According to a study of state-employee turnover in Texas published in March, when IT workers left their jobs, only 19 percent continued to work for the government, but at other state agencies. The study, by the state auditor's office, reported that it was difficult to determine why the rest left the government, other than because of retirement, because data from the state's personnel system appeared incomplete. State statistics do show, however, that at least a fourth of all state workers who quit last year did so for job-related reasons including "inadequate salary" and "lack of opportunity for advancement."
Meanwhile, says Kimberlee Harper Hanken, a research analyst who manages the Texas IT Academy project for the comptroller of public accounts, "if we do lose [newly trained employees] to the private sector, we're still contributing to the overall workforce development picture. As state agencies, we care about that as well." In fact, nearly three dozen private companies have joined the project's advisory board to have input on which skills the recruits are learning.
Shirley Malia, program manager for education and training with the U.S.
Critical Infrastructure Assurance Office, says people don't think of government as "an employer of choice," particularly in the IT field. Trying to change that, Malia heads a new government program called the Federal Cyber Services Initiative. The program, for which President Clinton has asked Congress to budget $11 million in scholarship funds next year, will train specialists in information security. Within three years, the government hopes to build a cadre of 300 undergraduate and graduate students a year to work for federal agencies for at least two years. Officials plan to award the first scholarships in September 2001 and bring the new recruits on staff in 2003.

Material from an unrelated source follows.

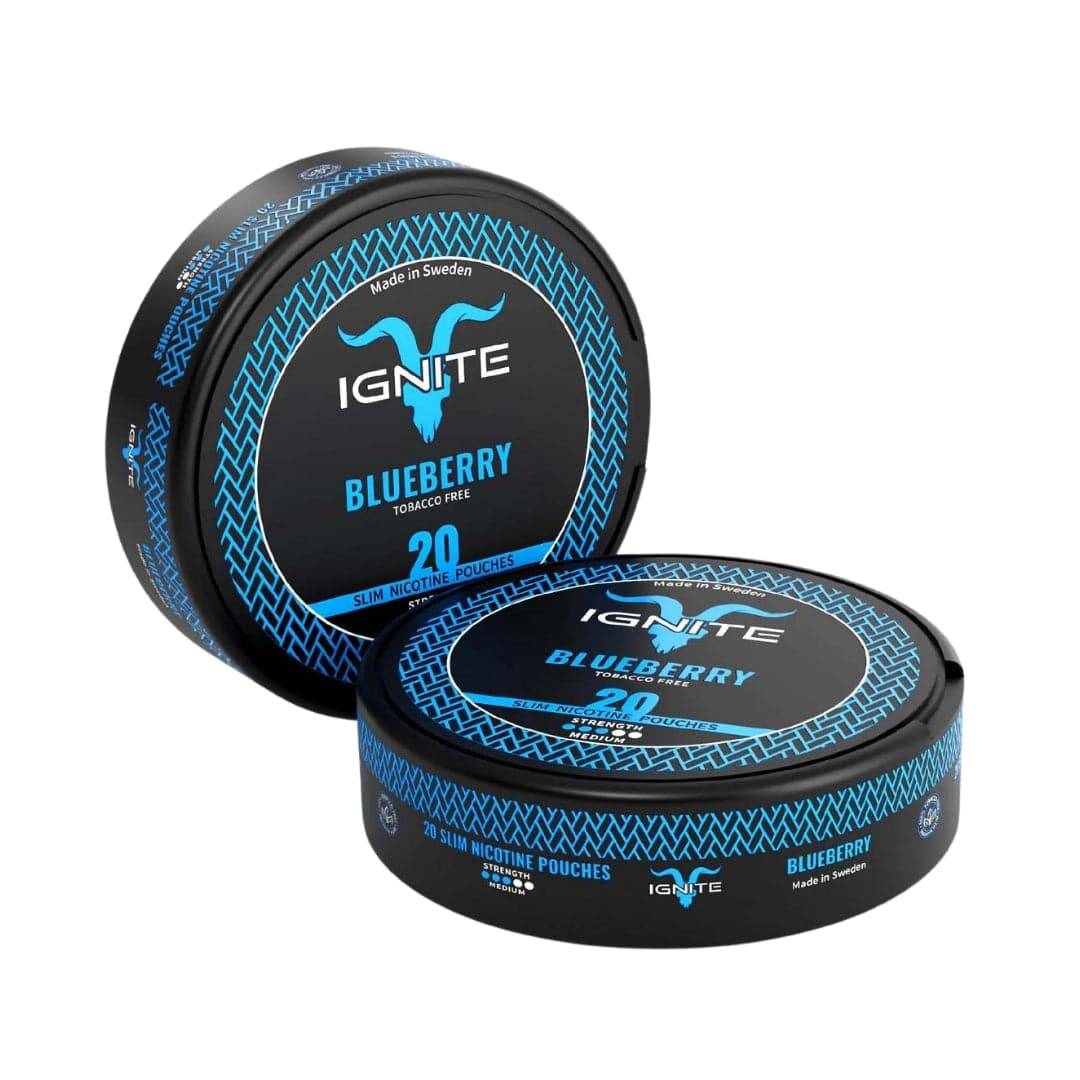 IGNITE Blueberry snus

Once trained, these recruits will be assigned to help agencies safeguard government networks from attacks and secure information held in agency databases about millions of citizens and corporations--part of a broad plan to protect the nation's IT infrastructure. These are jobs government CIOs believe are critical for both preserving national defense and providing online services to citizens. "We need to do some promotion that the [training] programs are very satisfying and that you can have an impact on something that makes a difference in people's lives," Malia says.
Once new employees are on board, the government will have to "provide state-of-the-art training to keep their skills up to date" and to offer cutting-edge projects that keep them interested, she says. But Malia is realistic about the appeal of private industry, which is generating most of the demand for information security skills, noting that "Industry will benefit directly from the program."
Government shouldn't, however, stop at merely training young workers, who then jump to the private sector when their skills mature, says Maurice McTigue, distinguished visiting scholar at the Mercatus Center, a research facility at George Mason University, in Fairfax, Va. Agencies should look for ways to make it easy for employees to move back and forth between government and industry, as career opportunities arise. Job openings shouldn't be "sinecures for current civil servants," who often get preference under agency personnel rules, says McTigue, a former minister of labor in the New Zealand government.
Although this is not the case everywhere, many public agencies tend to groom insiders--especially those in management--for senior jobs. "By growing our own management team, that shoots a very clear signal to other employees that they have opportunity here," says Don Heiman, Kansas's chief information technology officer. Besides, he says, there aren't lots of vacancies for those positions.
"When people come to Topeka, [they] tend to want to be here for personal reasons," so they stick around.
"It's better to promote from within, unless you're requiring a special skill," asserts Patricia Popovich, the U.S. State Department's deputy CIO for management. She hopes some employees who recently signed on with the department will choose to become managers. Like other government agencies, the State Department is facing potentially large numbers of baby-boomer retirements within the next few years. But Popovich says the need to recruit people with fresh technical skills outweighs the demand for new management blood.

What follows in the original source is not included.